Untitled

import random
from tkinter import *

class Connect4:
    def __init__(self, rowCount, colCount, circleSize, window):
        self.margin = 25
        self.rowCount = rowCount
        self.colCount = colCount
        self.circleSize = circleSize
        self.circleSpacing = 10
        self.messageSize = 15
        self.width = self.colCount * (self.circleSize + self.circleSpacing)
        self.height = self.rowCount * (self.circleSize + self.circleSpacing) + self.messageSize*4
        self.window = window
        self.data = []
        self.frame = Frame(window)
        self.frame.pack()
        self.diameter = self.circleSize #self.rowCount * self.colCount
        self.initialColor = 'white'
        self.resetButton = Button(self.frame, text='Restart', command=self.restartGame)
        self.resetButton.place(x=340, y=0)
        self.quitButton = Button(self.frame, text='Quit', command=self.quitGame)
        self.quitButton.pack(side=TOP)
        self.draw = Canvas(self.frame, height=self.height, width=self.width)
        self.draw.bind('<Button-1>', self.mouseInput)
        self.circles = []
        self.colors = []
        self.ox = 'X'
        y = self.circleSpacing
        for row in range(self.rowCount):
            circleRow = []
            colorRow = []
            x = self.circleSpacing
            for col in range(self.colCount):
                circleRow += [self.draw.create_oval(x, y, x + self.diameter, y + self.diameter, fill=self.initialColor)]
                colorRow += [self.initialColor]
                x += self.diameter + self.circleSpacing
            self.circles += [circleRow]
            self.colors += [colorRow]
            y += self.diameter + self.circleSpacing
        self.message = self.draw.create_text(self.messageSize, self.height-self.messageSize, text=f'{self.ox}\'s turn!', anchor='w', font='Courier 27')
        for row in range(self.rowCount):
            boardRow = []
            for col in range(self.colCount):
                boardRow += [' ']
            self.data += [boardRow]
        self.draw.pack(padx = self.margin, pady = self.margin)

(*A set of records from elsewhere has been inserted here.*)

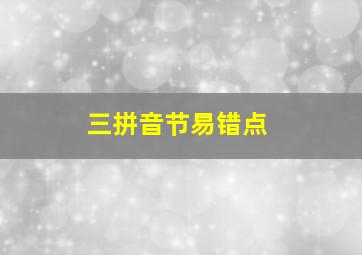 三拼音节易错点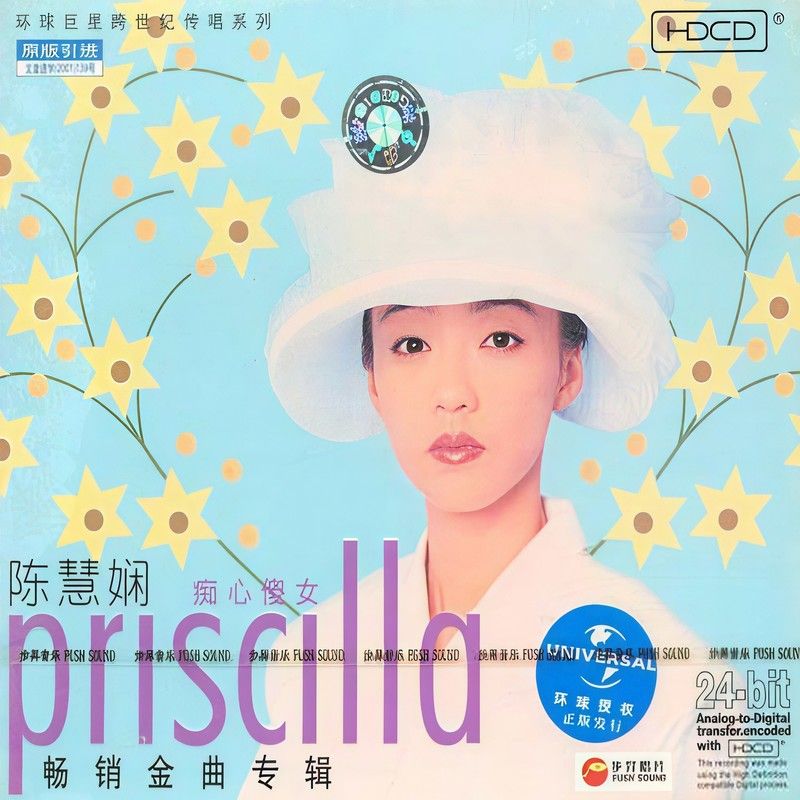 陈慧娴-《痴心傻女》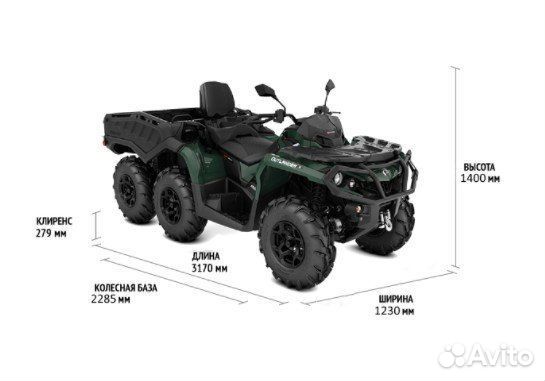Квадроцикл BRP CAN-AM outlander MAX 6X6 XU+ 650 T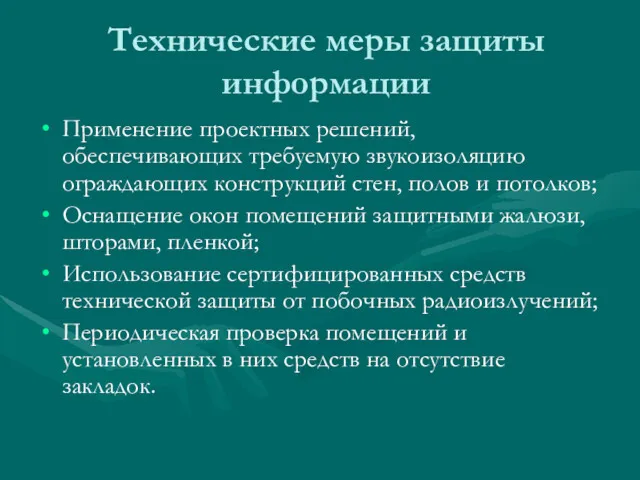 Технические меры защиты информации Применение проектных решений, обеспечивающих требуемую звукоизоляцию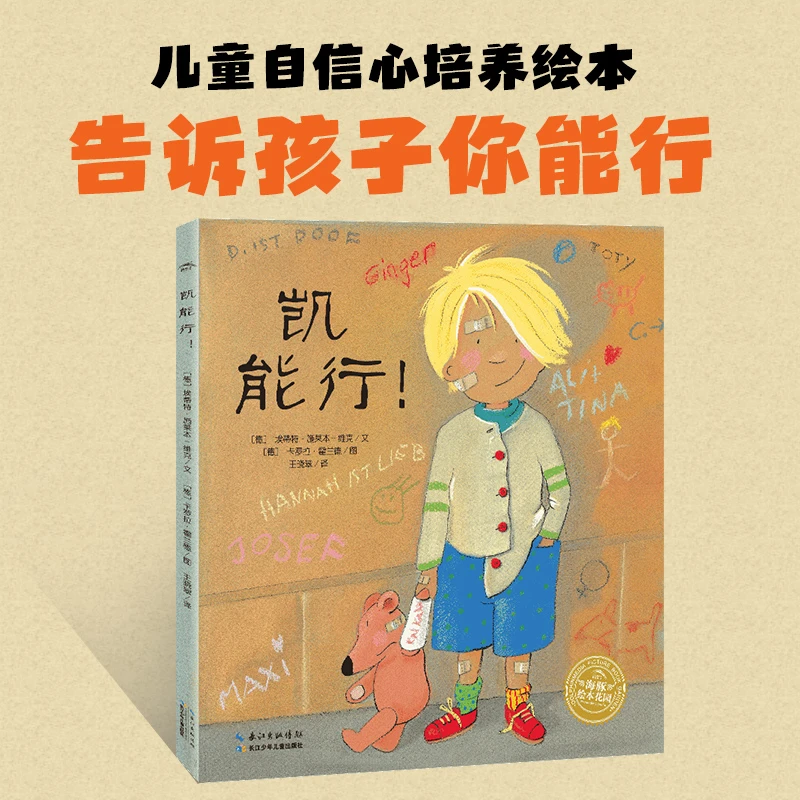 【点读版】凯能行 海豚绘本花园 儿童成长励志肯定自己绘本 成长
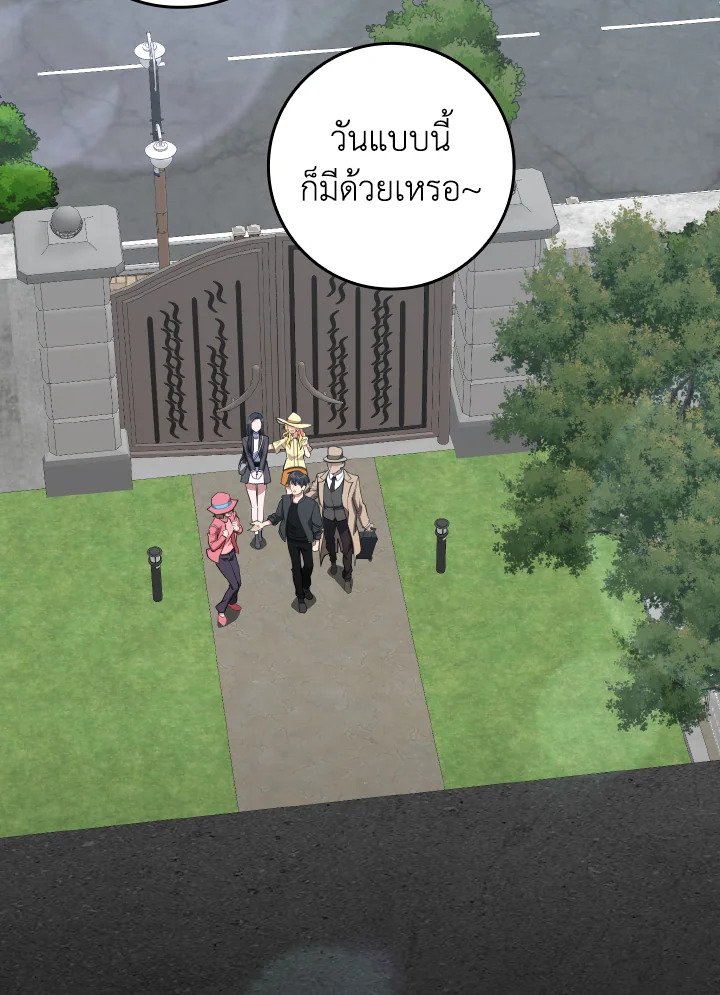 Max Level Player ตอนที่ 73 page 45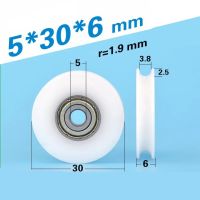 1pcs 5*30*6mm 625zz wrapped bearing pulley  V grooved U grooved rolling pulley  wire guide wheel  POM polyformaldehyde wheel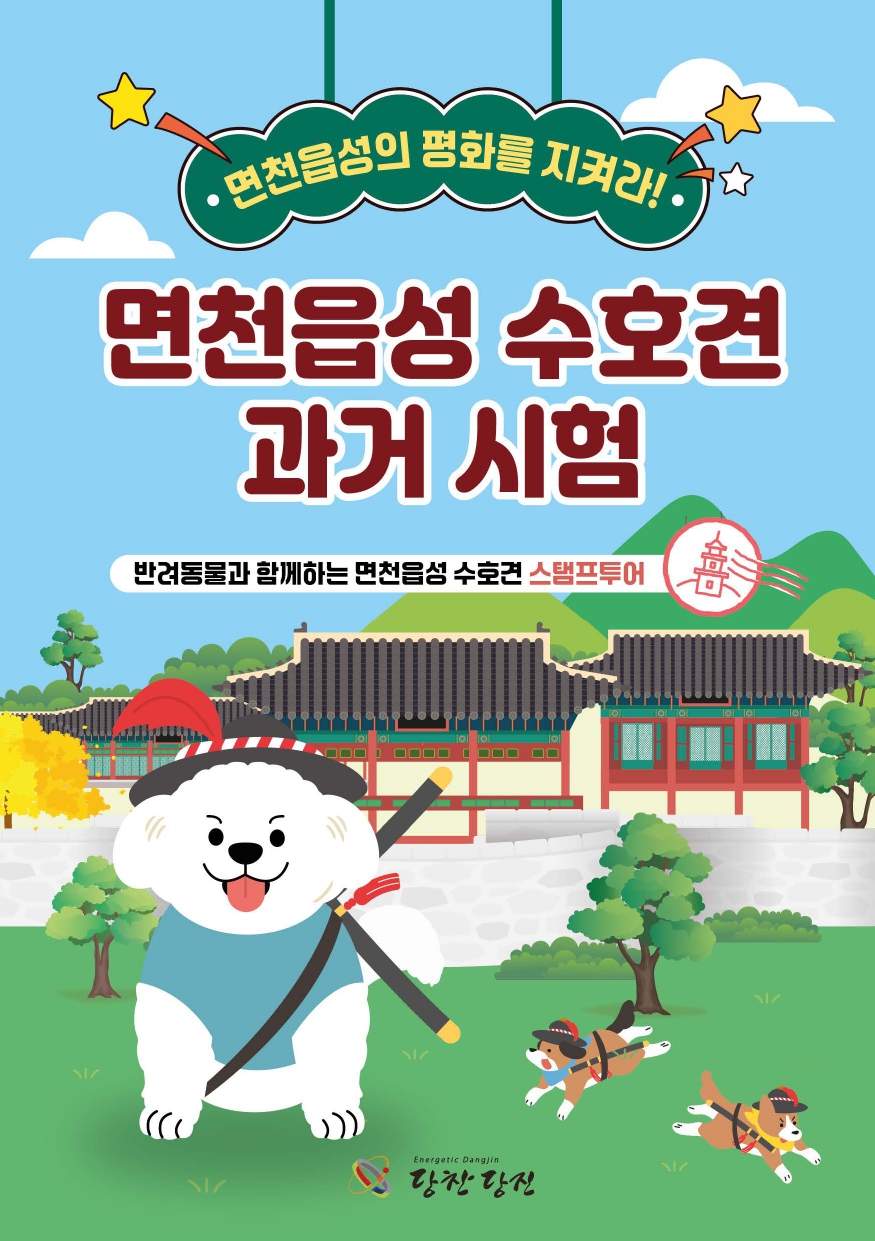 반려동물과 함께하는 면천읍성 수호견 스탬프투어 이미지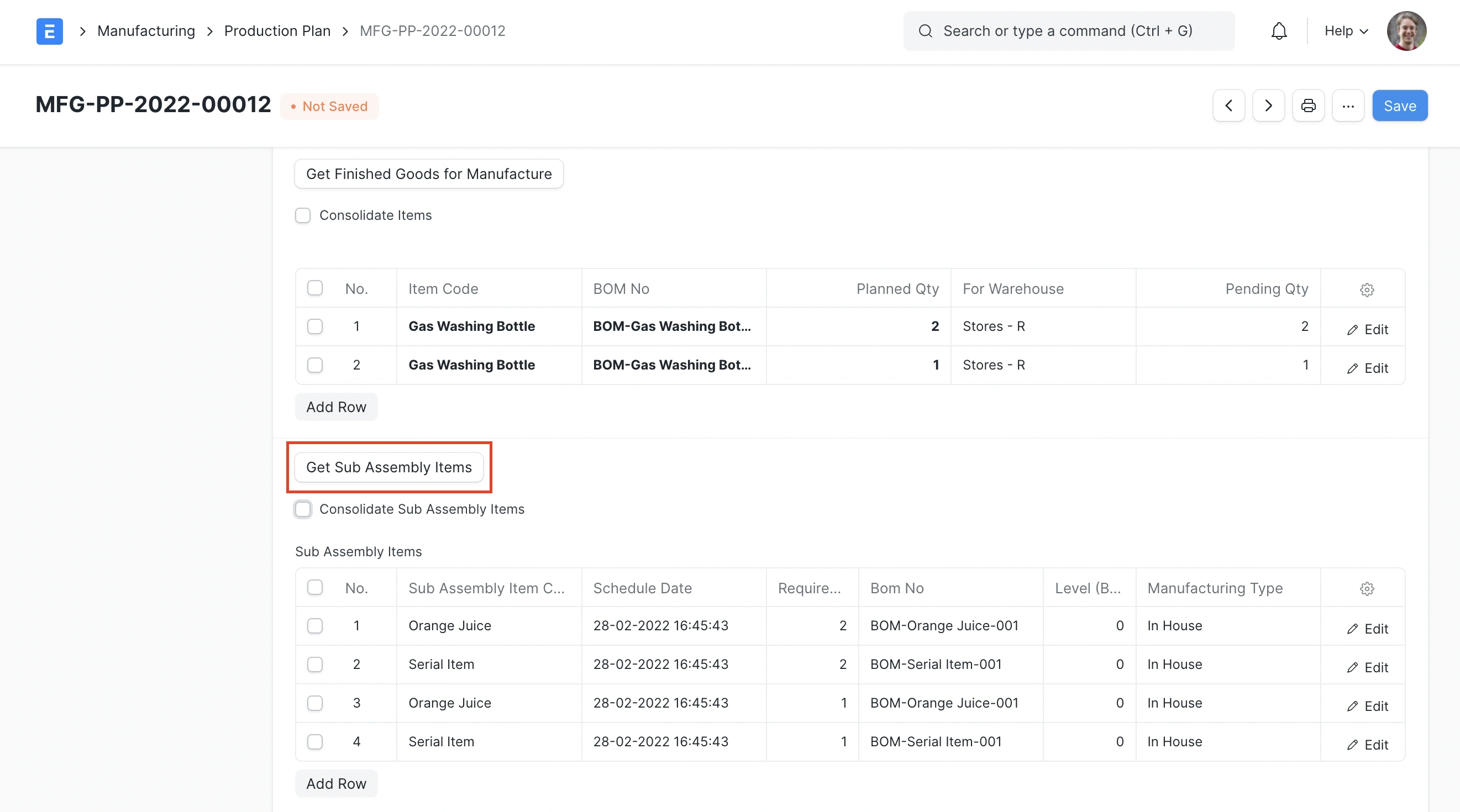  استدعاء الأصناف الفرعية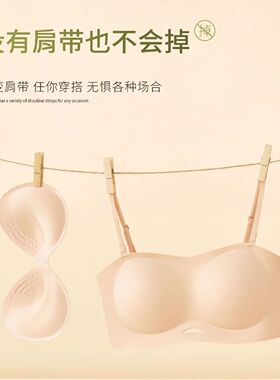 可拆卸透明无肩带抹胸内衣女防滑聚拢无痕隐形裹胸美背防走光文胸
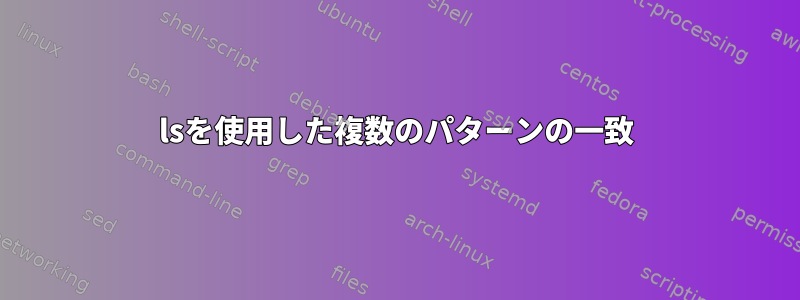 lsを使用した複数のパターンの一致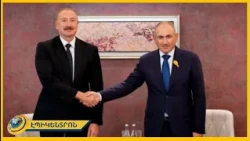 Կրծքներին՝ «Իրական Հայաստանի» քարտեզը, դեմքերին՝ ժպիտ. Փաշինյանի և Ալիևի հանդիպումը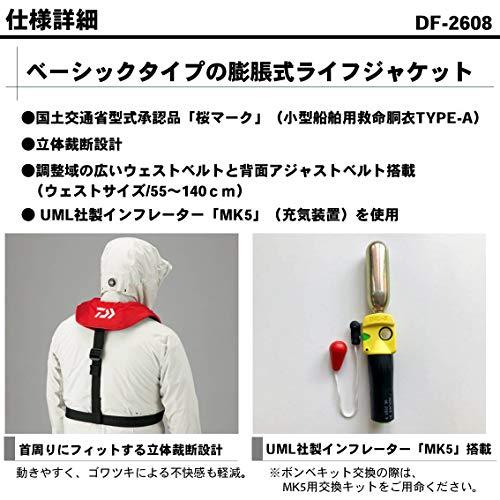 Buy Daiwa Inflatable Life Jacket (Shoulder Type Automatic / Manual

    def __repr__(self): # Sets the literal structure of the board so that it's easy to interpret for the players
        s = ''
        for row in range(self.height):
            s += '|'
            for col in range(self.width):
                s += self.data[row][col] + '|'
            s += '\n'
        s += '--'*self.width + '-\n'
        for col in range(self.width):
            s += ' ' + str(col%10)
        s += '\n'
        return s

    def mouseInput(self, event):
        col = int(event.x/(self.diameter+self.circleSpacing))
        self.hostGame(aiPlayer)
        self.updateBoard(col)

    def quitGame(self):
        self.window.destroy()

    def restartGame(self):
        self.clear()
        for row in range(self.rowCount):
            for col in range(self.colCount):
                self.draw.itemconfig(self.circles[row][col], fill='white')

    def clear(self): # Clears the current state of the board
        for row in range(self.rowCount):
            for col in range(self.colCount): # For every value in the board
                self.data[row][col] = ' ' # Override whatever is there with a space (the original value each spot starts with)

    def setChecker(self, row, col, color): # Where the user clicked
        self.data[row][col] = self.ox
        self.draw.itemconfig(self.circles[row][col], fill=color)

    def setText(self, text):
        self.draw.itemconfig(self.message, text=text)

    def lowestRow(self, col):
        if self.allowsMove(col):
            for row in range(self.rowCount):
                if self.data[row][col] != ' ': # If the spot is not empty...
                    return row - 1
            return self.rowCount - 1

    def hostGame(self, aiPlayer):
        if self.winsFor(self.ox):
            # The move they just did let them win
            self.setText(f'{self.ox} won!')
        else:
            O = aiPlayer.nextMove(self)
            self.placeChecker(O, color='black')
            self.addMove(O, self.ox)
            #self.ox = 'O' if self.ox == 'X' else 'X'
            self.setText(f'{self.ox}\'s turn!')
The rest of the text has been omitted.